Tendrils of black weaved in and out across Dorian’s skin. A shadow descended on him, merging with his shape, and yet it seemed desperate to break free. It rocked against his skin and bubbled up in pockets under his flesh, and sometimes shadows of arms and legs rose up, like solid things, to lash out at Aletheia.
But she summoned a bright light and held it over his head, and she ran her hand up and down his beard, and her eyes glowed bright gold as she channeled mana into his body.
He lurched upright, turned over, and threw up. He screamed in pain, and boils of red and blue flashed up and down his arms.
“Numb his pain,” Mother commanded.
“I’m trying—I can’t. It doesn’t—I did!” Aletheia said.
But he screamed anyway. He screamed in agony, thrashing every way about himself, and Trito stepped up behind Mother.
“His soul is not so human after all,” Trito said. He spoke quickly and angrily. “This suffering is perverse. He does not deserve it. His soul was never meant to occupy this form.
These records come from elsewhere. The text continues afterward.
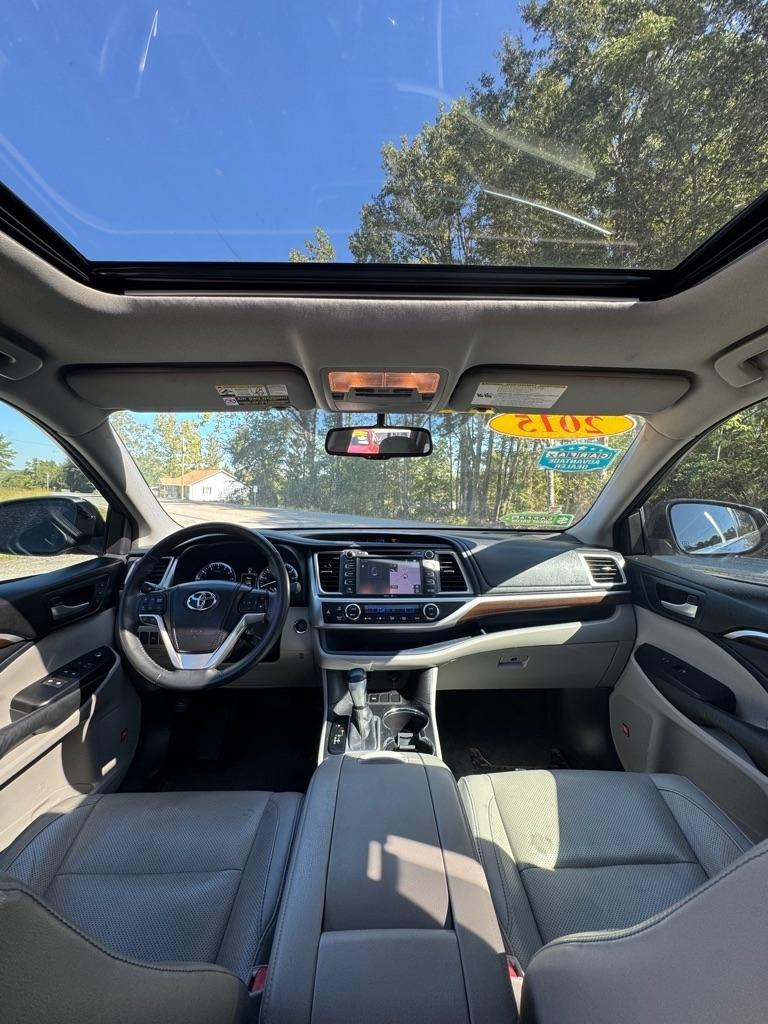 Toyota Highlander FWD 4dr V6 Limited (Natl) 2015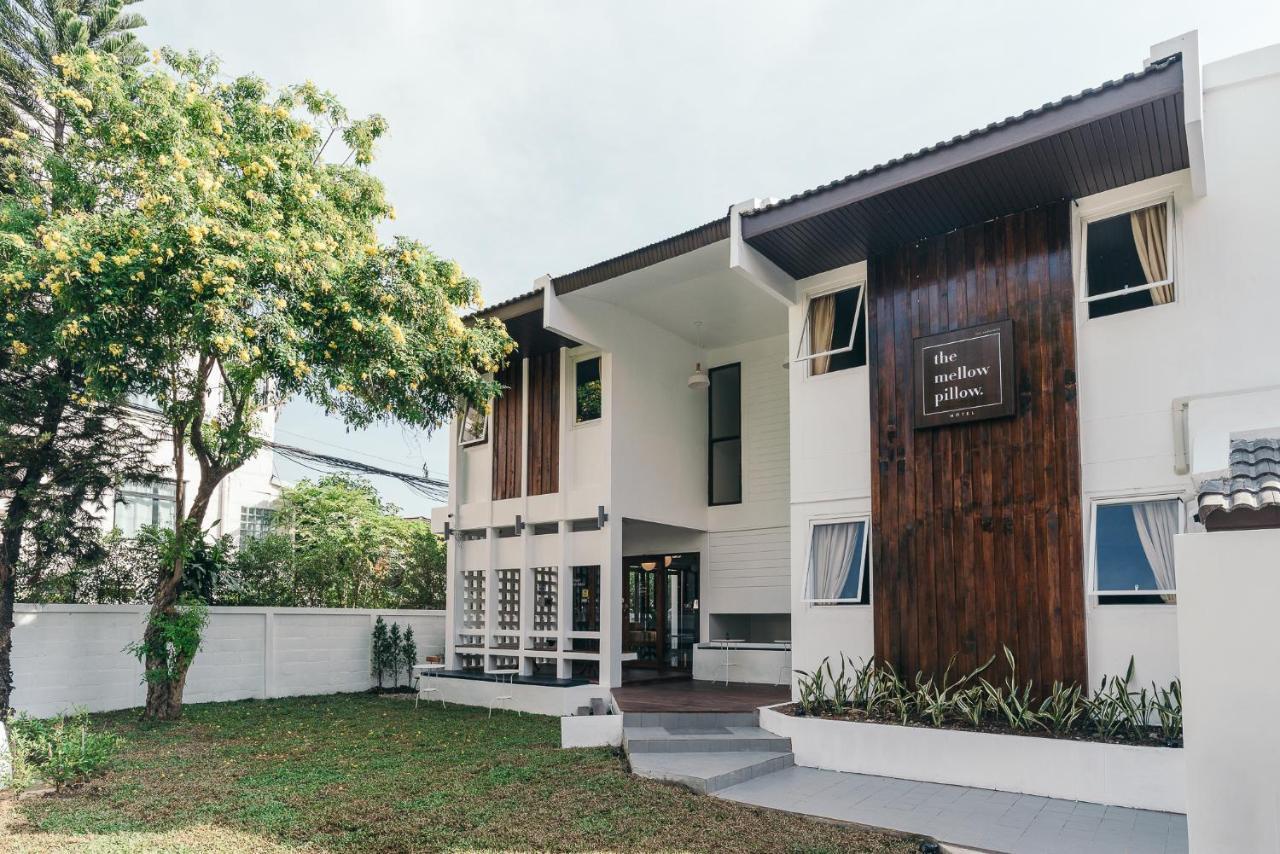 The Mellow Pillow Hotel @ Chiang Mai Gate Екстериор снимка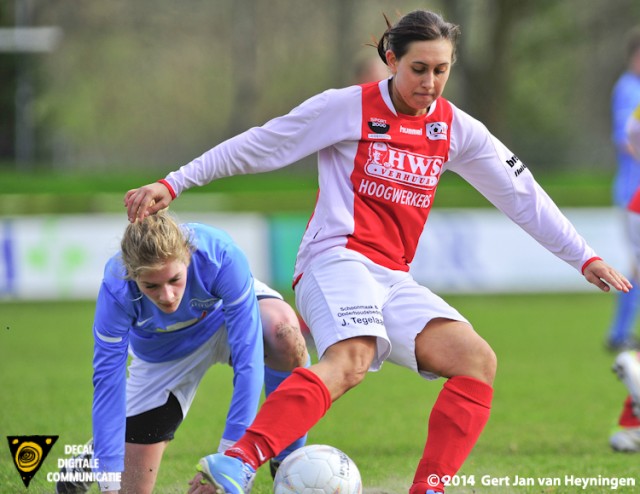 Samanta Stojanovic van RCL in actie in de wedstrijd tegen Saestum.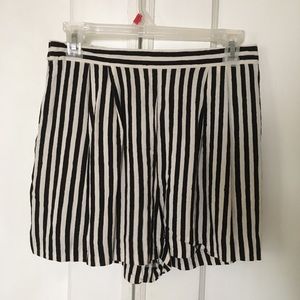H&M summer striped shorts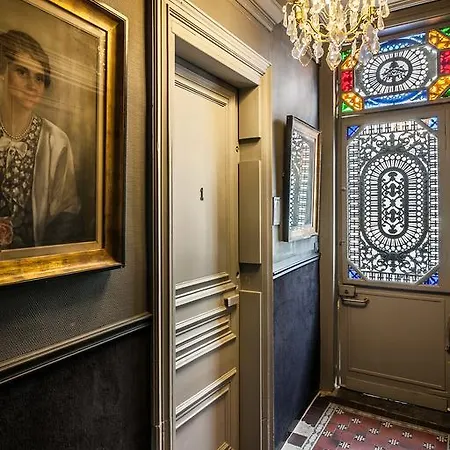 Le 84 Sainte-cath' Apartment *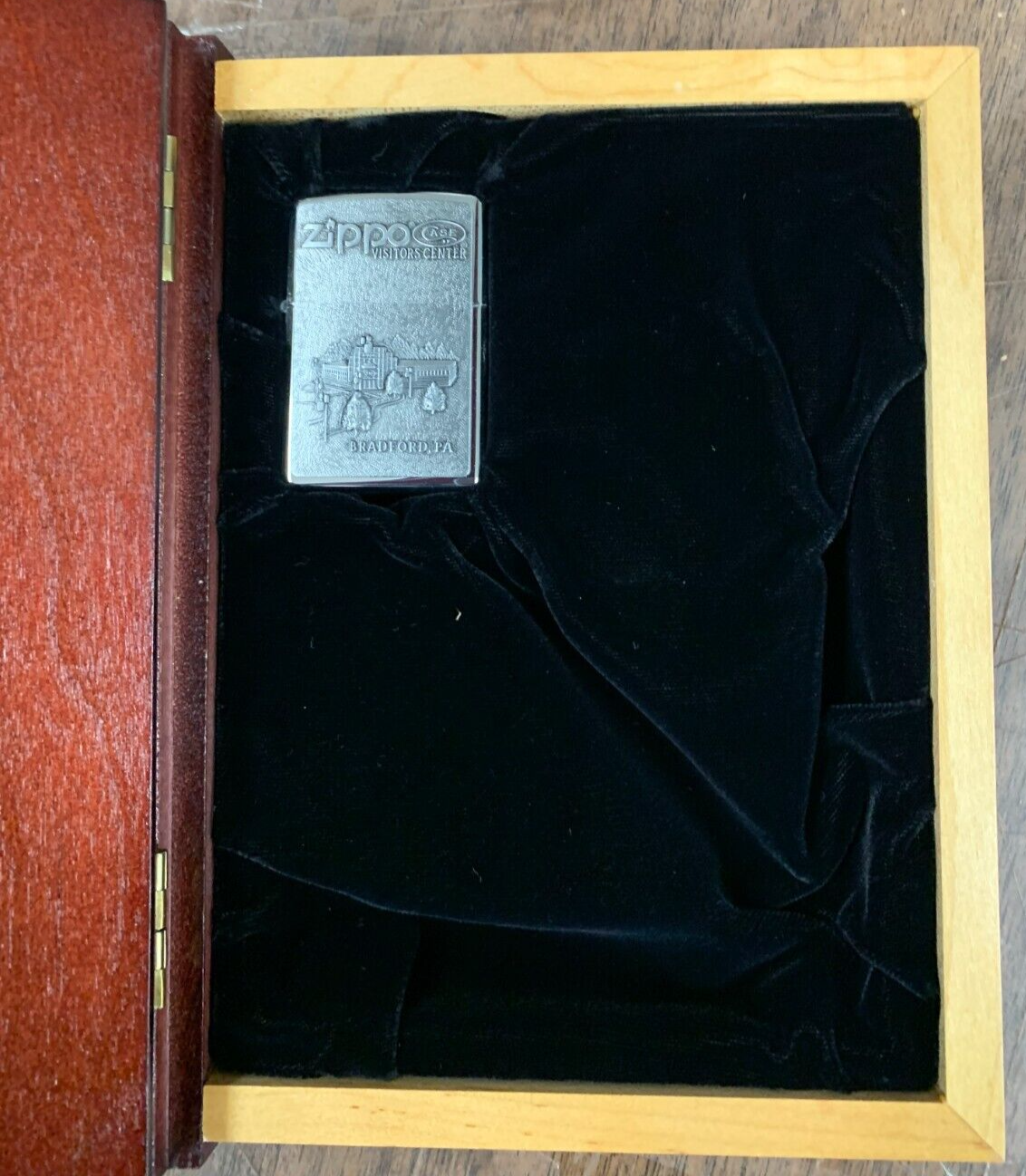 VINTAGE ZIPPO BOX SET Visitors Center W/ COA 1997 Knife Not Included Bradford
Kill him and put him out of his misery. Eris!”
Mother stayed still. She shook her head.
“I will do it if you will not,” he said.
“You will not!” Mother shouted. She turned to Trito and raised her staff, and with a blast of mana she sent him flying across the room, tumbling over himself, until he hit the wall. “You will wait!”
She looked back to Dorian—to Skios, who was Dorian no longer.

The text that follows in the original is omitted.